Viva, Sinhá Vitória também tinha seu sonho. Queria uma cama para dormir. Quem sabe dormindo no aconchego conseguiria sonhar um pouco mais.

Num dia qualquer, o acaso ou o destino põe Fabiano novamente às caras com o soldado amarelo, o mesmo que outrora o prendera. Desarmado, o soldado treme, porque quem deve às vezes treme. Fabiano pensou em matá-lo. Mas quantos soldados amarelos o Estado haveria de ter? Quantos outros praticando abusos? Matar apenas um não resolveria, pensou Fabiano. Deixou que o soldado amarelo, agora de medo, fosse embora.

Cá, eu penso, quantos, indignados com um determinado governo, desejam o seu extermínio parecendo desconhecer que o mal não está apenas num indivíduo? Fabiano não era tão ingênuo. Bicho que é, sente. Homem que é, pensa.

A seca mais uma vez assola. Sem água, sem comida, sem papagaio, sem baleia e sem rumo a família põe-se a andar mais uma vez pelo sertão. Quem sabe a cidade estivesse próxima. Quem sabe a tão sonhada vida melhor, a escola dos filhos, a cama de Sinhá Vitória. "Fabiano estava contente e acreditava nessa terra, porque não sabia como ela era nem onde era".

"Andavam para o sul, metidos naquele sonho. Uma cidade grande, cheia de pessoas fortes.

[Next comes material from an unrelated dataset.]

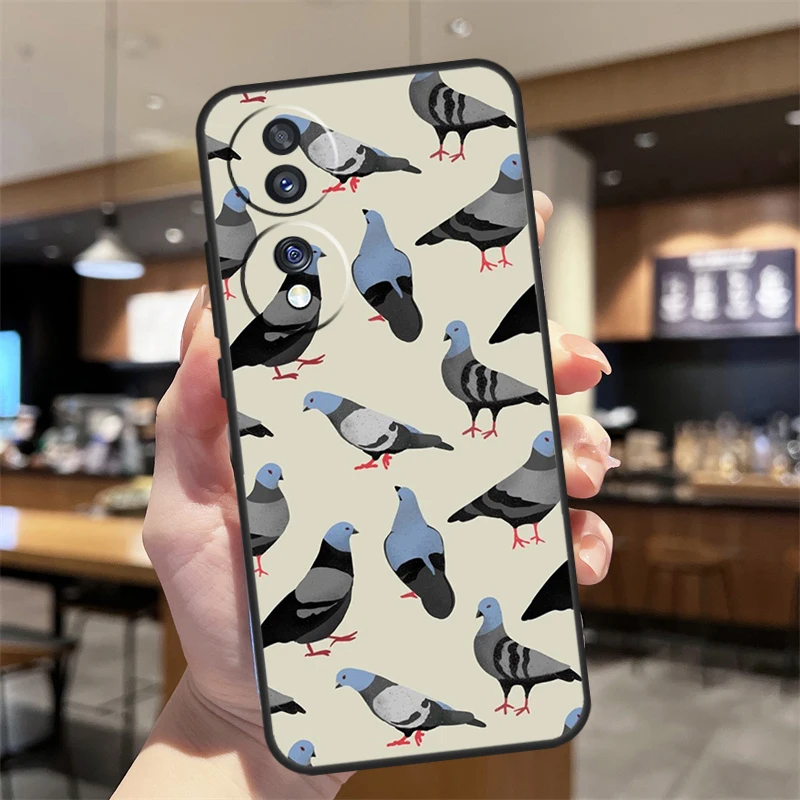 The Pigeons Case For Huawei P30 Lite P20 P40 P50 Pro Nova 5T P Smart 2019 Honor X8 50 70 X7 X9a Cover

Os meninos em escolas, aprendendo coisas difíceis e necessárias. Eles dois velhinhos acabando-se como uns cachorros, inúteis, acabando-se como Baleia. Que iriam fazer? Retardaram-se, temerosos. Chegariam a uma terra desconhecida e civilizada, ficariam presos nela. E o sertão continuaria a mandar gente para lá. O sertão mandaria para a cidade homens fortes, brutos, como Fabiano, sinhá Vitória e os dois meninos".

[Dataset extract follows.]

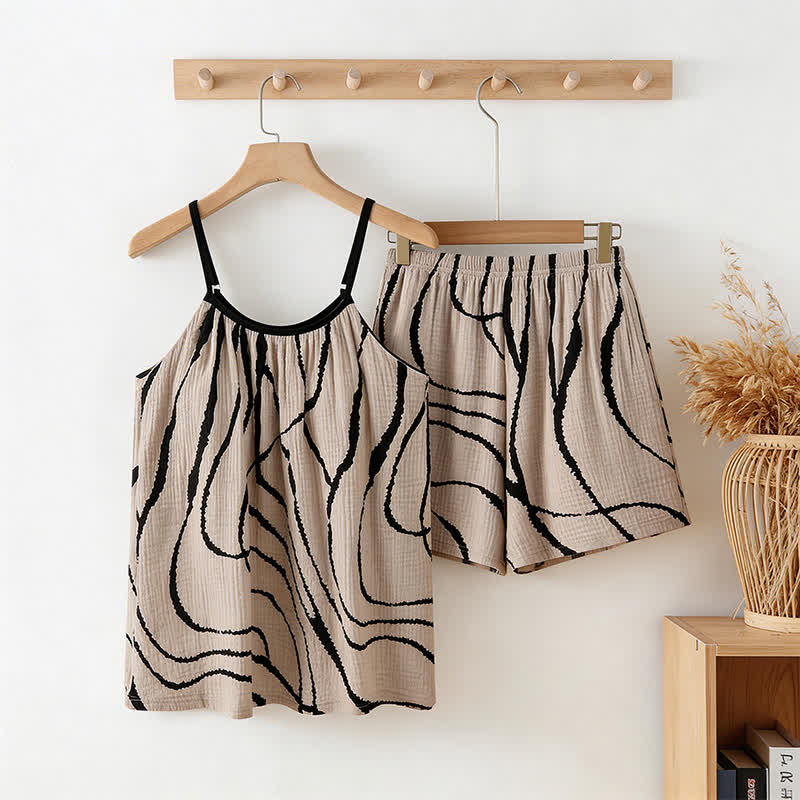 Ownkoti Artistic Wave Cotton Gauze Cami Pajamas - Black & Beige - XXL - image 0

A esperança é que os guia. E eu torno a me lembrar, como quase sempre, o que Clarice Lispector chegou a dizer: "A esperança não tem olhos, é guiada pelas antenas". A família de Fabiano tinha as antenas ligadas. É preciso ter antenas ligadas para sobreviver. Esse instinto de sobrevivência acompanharia a família de Fabiano ainda que todos fossem uns bichos. E Fabiano sabia-se bicho. Fabiano era o bicho-homem.